We asked the lady who changed our tickets at Singapore Airlines and she gave us the address of Raffles Medical Centre not far from where we were. No need for an appointment, after 10 minutes wait I saw a delightful young lady doctor who gave me antibiotics, antihistamine and antieptic ointment for a very low cost! And so kind and efficient. The drugs were all in the same clinic so no need to visit a pharmacy and I was off home to the flat for some R&R.
The same shopping centre housed all the designer labels! Max Mara, YSL, Dior, Armani, Dunhill, and many more, so we went nd broused and got new ideas. I would have loved one of the shirts! Country style in a fine soft fabric, it was a mere $460.00! So no more complaints about price please!
Well I am resting up today, in the warm tropical environment, and eating great Asian food, and planning some great shirt designs when I get to Bangladesh.
Talk to you soon
Cool season in the Southern Hemisphere, hot in Bangladesh
May 27th, 2010Today the wind and rain are flying past my house, bringing the first cold weather for 2010.

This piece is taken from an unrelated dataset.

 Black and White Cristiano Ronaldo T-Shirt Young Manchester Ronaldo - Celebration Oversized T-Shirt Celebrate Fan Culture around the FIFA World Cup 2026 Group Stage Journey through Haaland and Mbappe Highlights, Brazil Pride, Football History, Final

The quietness of a rainy day also brings new inspiration for next season’s shirts. I would love any new ideas from anyone who wants to share them too.

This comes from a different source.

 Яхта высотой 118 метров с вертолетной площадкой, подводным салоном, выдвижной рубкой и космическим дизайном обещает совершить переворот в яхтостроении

Next week I am going to Dhaka in Bangladesh, to start the production for next summer. Its the first chance I have had to take time away and choose fabrics, train my staff at the Society for Underprivileged Families in new techniques and keep up the “continuous improvement” that is the secret of great production. The Society for Underprivileged Families (SUF) is an NGO in Bangladesh that provides free schooling to help working children to retreive their lives from poverty and become educated and skilled.
Look at their website at http://www.sufchildrights.org for more information.
This year I am travelling to Bangladesh with a friend, Virginia Hill, who will have wonderful new ideas that I can tune into and who will make the trip more fun and more fruitful.
SUF has asked me to spend a few days training new staff from the new SUF schools in the areas outside Dhaka, who want to improve their skills too. SUF has been working on a lot of new Free schools for disadvantaged children in the Bangladesh countryside and I think these are funded mainly by Save the Children (Sweden/Denmark). The work that Infinity Cottage does selling the shirts that they make in Australia also helps SUF to keep up their wonderful work.
So send in your ideas for new shirt designs, and I will keep you up to date with my progress in Dhaka when I am there. I am sure you would like to get some photos and hear about our adventures there in the market places and silk shops!
Jill Atherstone
jill@infinitycottage.com
Welcome to my blog
May 27th, 2010I hope that this blog will be an interesting view of my ideas and yours. I want to talk about horse riding shirts, about my passion for making shirts and about your ideas about what you would like in a shirt.
I make shirts for any one who loves shirts, not just to use for horse riding, but for anyone and for any occasion when a shirt is appropriate. Shirts are classic, they are smart, they are useful so we all need plenty of them.
I plan to talk about different aspects of shirts but not to go on about them too much! after all there are so many more interesting subjects, like horses and gardening and food…….
So welcome and I look forward to your comments, photos and news.